← Back to Notes
Regulation2026-03-29

From Training to Clearance: Validating AI Models in Healthcare

When working on AI for healthcare, validation is not just a final step. It is something that starts early and continues even after deployment. The objective is simple in theory: build systems that behave as expected, remain stable over time, and are safe in practice. In reality, each stage reduces uncertainty step by step.


Starting with the problem

Everything begins with a clear definition of what the model is supposed to do. This sounds obvious, but small ambiguities at this stage often create issues later.

It helps to think in concrete terms:

  • what goes in (inputs),
  • what comes out (outputs),
  • and who will use it.

For example, detecting brain hemorrhage on CT scans in an emergency setting implies time constraints, high sensitivity requirements, and direct interaction with radiologists. The context already shapes the technical choices.


About the data

Data is where many practical challenges appear. A model trained on clean, homogeneous data may not behave the same way in real settings.

In practice, the goal is to get data that reflects variability: different hospitals, devices, populations, and acquisition conditions.

Some recurring points to watch:

  • imbalance (rare pathologies),
  • differences between scanners,
  • annotation variability between experts.

Curation is not only cleaning data, it is also understanding what the data represents and what it might miss.


Training the model

At this stage, the workflow is more standard: split the data, train, adjust, repeat.

One habit that becomes essential is protecting the test set.

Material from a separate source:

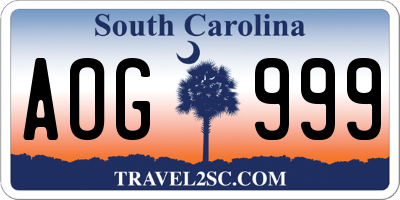 SC license plate AOG999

It should remain untouched until the end, otherwise performance estimates become optimistic without being noticed.

For imaging tasks, such as CT classification, convolutional models are often used, but the architecture matters less than the discipline around evaluation.


First checks: internal validation

Internal validation gives a first idea of performance. Metrics like sensitivity and specificity are useful, especially in medical contexts where missing a case and raising a false alarm do not have the same implications.

For instance:

  • high sensitivity helps detect most critical cases,
  • specificity helps avoid unnecessary alerts.

These numbers are reassuring, but they reflect only the data used during development. They are not the full picture.


What changes with new data

Things often shift when the model is tested on external data. This is where generalization is really assessed.

Using data from a new hospital or a different population tends to reveal gaps: performance may decrease, sometimes significantly.

This step is less about achieving high numbers and more about understanding how the model behaves outside its comfort zone.


A useful distinction

It is helpful to separate two ideas:

  • verification: does the system meet its technical specifications?
  • validation: does it actually help users in practice?

A model can be correct from a software perspective and still not be useful in a clinical workflow. Keeping both perspectives avoids focusing only on metrics.


Testing beyond the “ideal case”

Real-world data is rarely clean. Images can be noisy, incomplete, or acquired under different conditions.

Testing the model under such variations helps reveal its limits:

  • adding noise,
  • degrading image quality,
  • changing acquisition parameters.

These tests are less about passing or failing, and more about identifying where the model starts to break.


Moving closer to practice

At some point, evaluation needs to include real users. This can take different forms, from retrospective analysis to reader studies.

A common setup is to compare clinicians with and without the model, and observe how decisions change. The question becomes more practical: does the tool actually support the task?


Thinking in terms of risk

Before deployment, it is necessary to think about what could go wrong.

For example, missing a hemorrhage may delay treatment. This leads to mitigation strategies, such as alerts or keeping a human in the loop.

This type of reasoning shifts the focus from performance alone to consequences.


Writing things down

Documentation often feels secondary, but it plays a central role. It forces clarity about:

  • how the model was trained,
  • what data was used,
  • what the known limitations are.

It also becomes necessary for regulatory processes.


About regulatory clearance

For deployment as a medical device in the United States, clearance from the U.S. Food and Drug Administration is required.

A common pathway is the 510(k), which involves showing that the system is comparable to an existing approved device, along with evidence on performance and safety.

This step formalizes much of the work done earlier: intended use, validation results, and risk analysis.


After deployment

Deployment is not the end. Data evolves, devices change, and usage patterns shift.

Monitoring helps detect:

  • data drift,
  • performance changes over time,
  • unexpected user behavior.

Feedback from real use becomes a valuable source of information.


Updating the model

Over time, updates may be needed. These can include retraining with new data or small adjustments to the model.

To manage this safely, a predefined framework such as a Predetermined Change Control Plan (PCCP) can be used. The idea is to allow improvements while maintaining control over performance and risk.


Final reflection

Validation is not a single checkpoint. It is a continuous process that starts with defining the problem and extends throughout the model’s lifecycle.

Each step adds a layer of understanding: first about the data, then about the model, and finally about its behavior in real conditions.

The goal is not to eliminate uncertainty completely, but to reduce it enough to make the system reliable in practice.